As a freshman it was easy, at first, for my world to become very small. I went from my co-op to my classes to the library. When a place is unfamiliar, I like to stick to what I know. That tendency kept me from seeing Oberlin for what it fully is.
I started to expand my Oberlin world second semester when I picked up running in my free time. Through running I’ve found the bike path, the reservoir, the solar panels, ideas for essays, and words for short stories, among other things.
In her book Wanderlust: A History of Walking, Rebecca Solnit writes that walking is a way of knowing the world through the body and the body through the world. I feel this way about running. I’ve developed a greater understanding of Oberlin and my place at Oberlin through traveling it on foot.
As a creative writing and environmental studies double major, people often ask me how I’m going to merge the two fields. I sometimes think about this question while I run, especially as graduation looms nearer. While on a run at the beginning of my junior year, I found that an answer to this question lay in the practice of running itself. Running is the most time I spend outside every day. It’s how I’ve gotten to know Oberlin, how I’ve become intimate with the surrounding landscape. It is, in a sense, the most “natural” or “environmental” part of my day. From talking to other runners, I knew I was not the only person who felt this way. And so I came up with a project for an environmental studies class in which I interviewed women who run. I asked them ten questions regarding where they run, why they run, and how they feel about the practice. I transcribed these interviews and turned the transcriptions into found poems.
I ended up with a collection of poems that support women who run. The poems talk about what we like about running, what we fear when we run, what motivates us. In providing a text that shares experiences of running and strength in running, I hope that this collection helps women feel more empowered to openly move throughout the environment. This project was, in many ways, a quintessential Oberlin experience. I explored something I care about, using my brain in a variety of ways and across disciplines while receiving the support of peers and professors.
I started by saying that in the beginning of my time at Oberlin, it was easy for my world to become very small. But now I would say that there are other things that are easy at Oberlin. At Oberlin it’s easy to find people who support you, people who are willing to participate in your efforts. It’s easy to be inspired by your friends and your professors. It’s easy to take what you care about and turn it into something creative and constructive.

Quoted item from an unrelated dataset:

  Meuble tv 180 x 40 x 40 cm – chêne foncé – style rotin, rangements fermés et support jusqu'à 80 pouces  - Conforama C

And then these pieces of trash
in the same places for years
like literally years
and I want to move them
because I’m environmental and whatever
but also like I can’t,
they’re kind of sacred.
And then this abandoned house
that I just fell in love with
I would run by all the time and they tore it down
a couple months ago.
But I wouldn’t have known that was there
you know I have no reason to drive
down that street, ever.
Part of living in a rural area
there’s just no way–
like these streets are not–
like you only go down–
you only drive to drive somewhere.
You don’t just go for a drive.
But yeah it was this beautiful house it was pink
and weird and small
and it had this rusted basketball hoop.